Provided material:
++++++

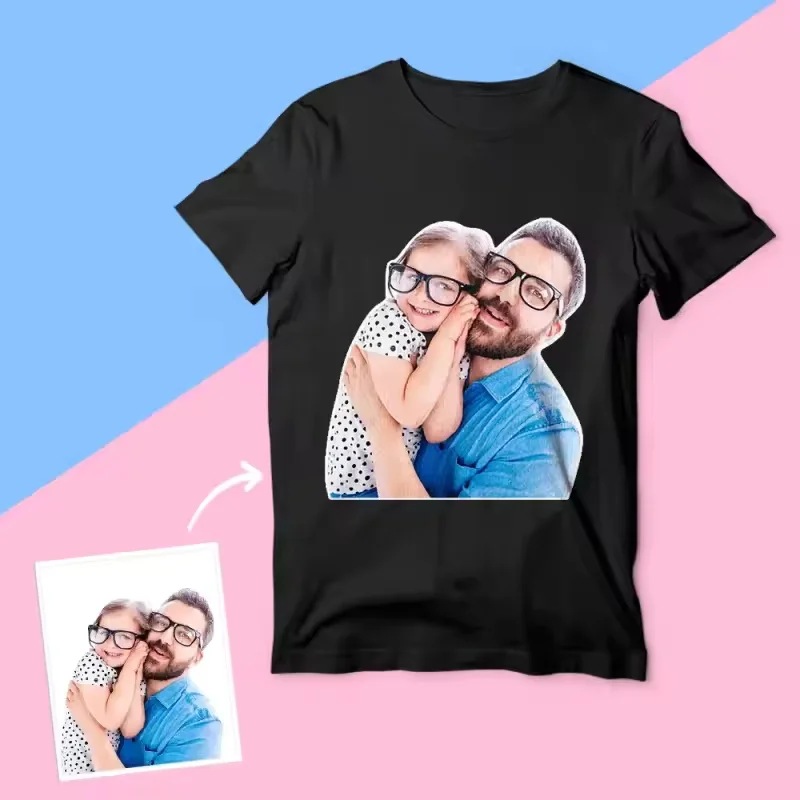 Personalisierte T-Shirts mit warmen Fotos von Familienmitgliedern, Kurzarm, O-Ausschnitt, DIY-Design, Allover-Print-T-Shirts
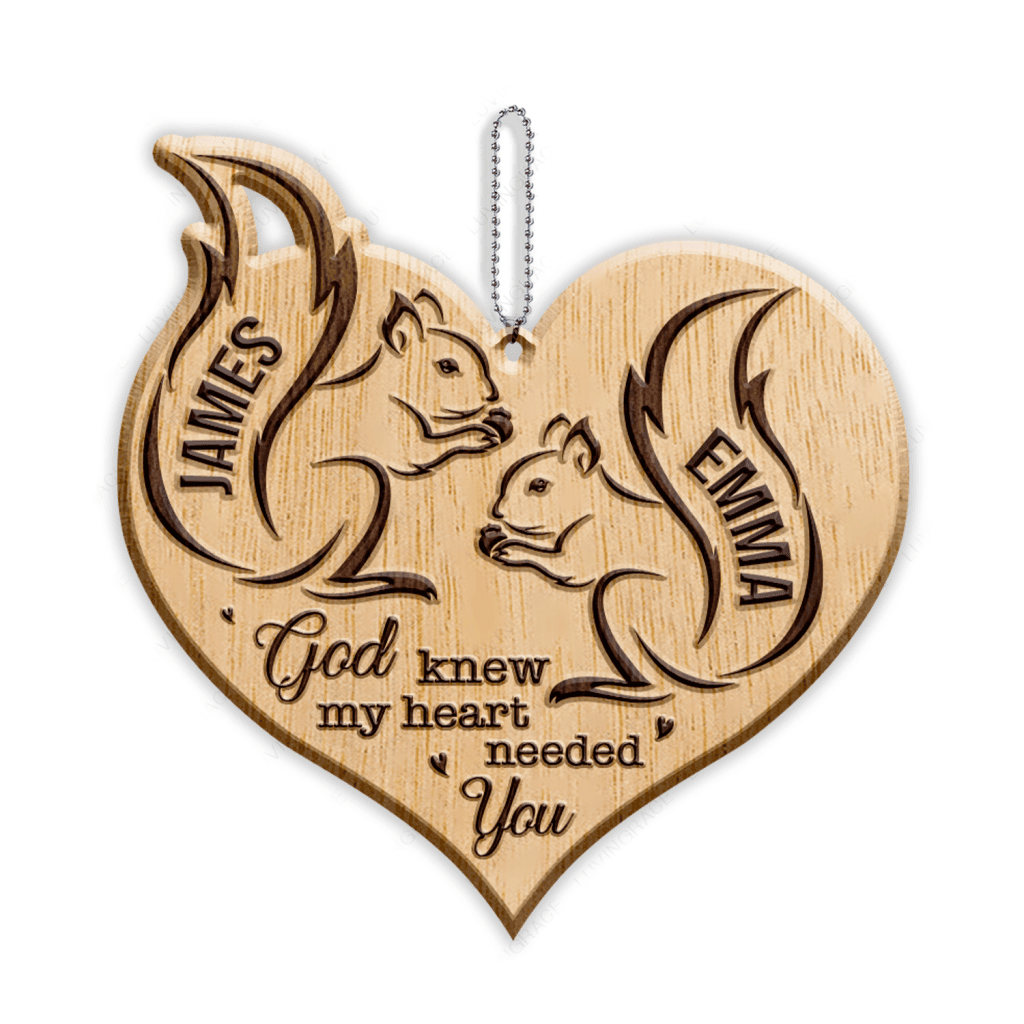 Squirrel Couple God Blessed Personalized Wood Engraved Ornaments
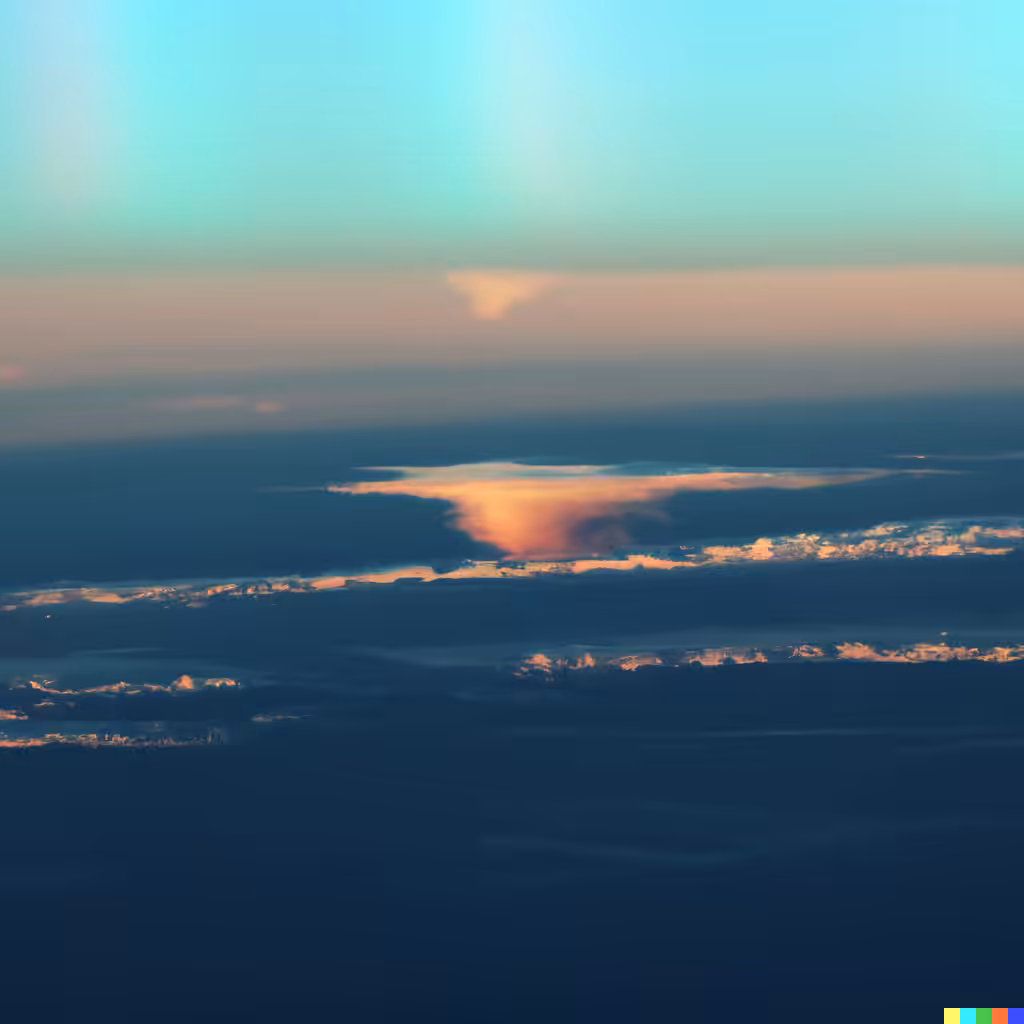 ☁️ 25 -  iridescent cute cloud as observed from C130 research aircraft at sunset, photography
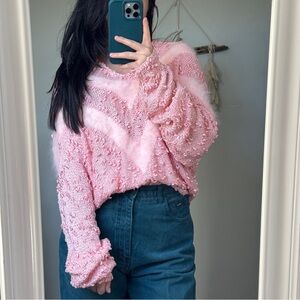 🎀 Vintage Coquette Pink Angora Popcorn Knit Sweater 🎀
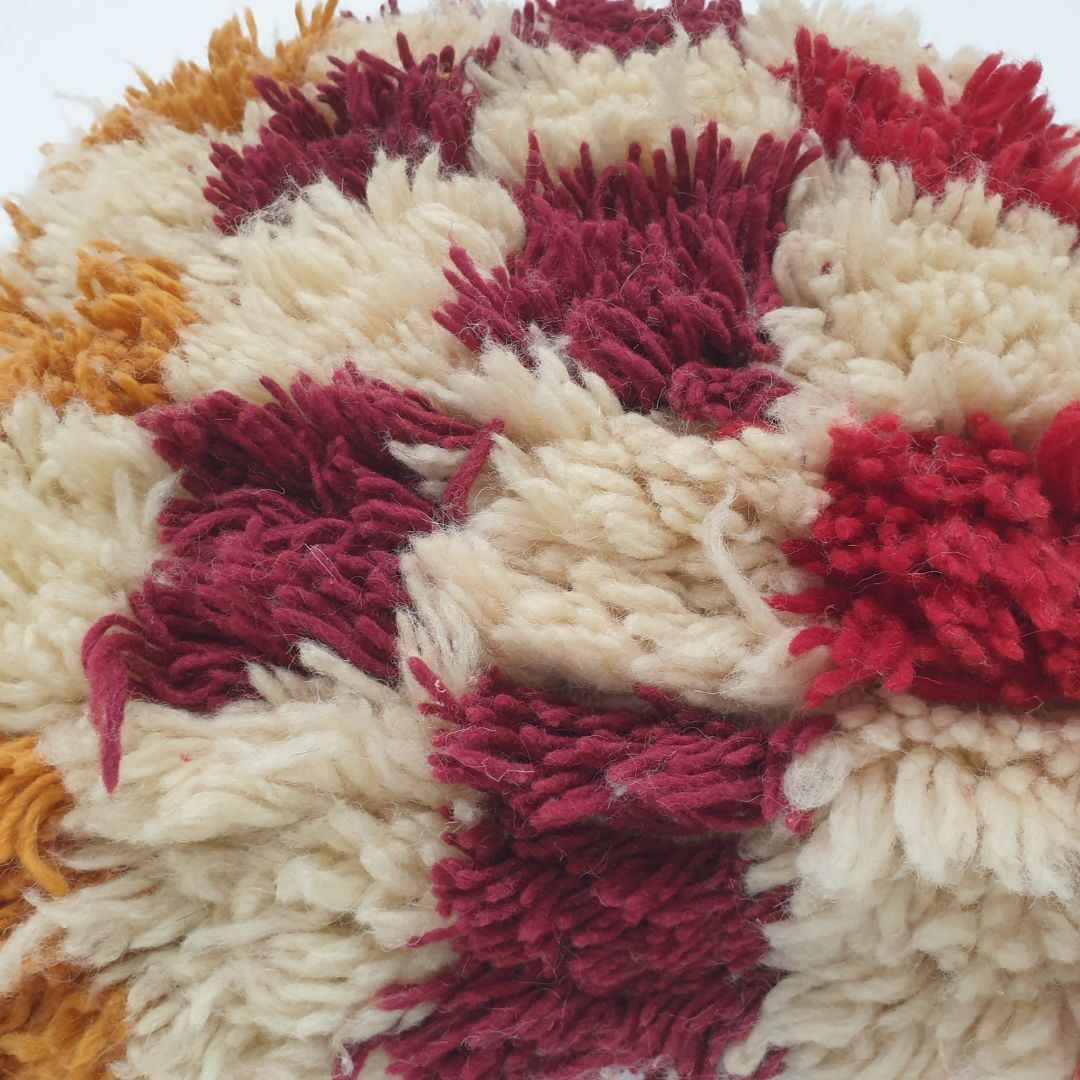 Cream Checkered Moroccan Cushion Cover – Warm Beni Mrirt Comfort 20x20 inches | 50x50 cm - OunizZ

++++++

Your task: Only one stretch of the listing above is to be duplicated: the lines from the one containing "Squirrel Couple God" through the one containing "Knit Sweater 🎀", both included. Copy them exactly, minus the pictures.

Written answer:
 Squirrel Couple God Blessed Personalized Wood Engraved Ornaments
 ☁️ 25 -  iridescent cute cloud as observed from C130 research aircraft at sunset, photography
 🎀 Vintage Coquette Pink Angora Popcorn Knit Sweater 🎀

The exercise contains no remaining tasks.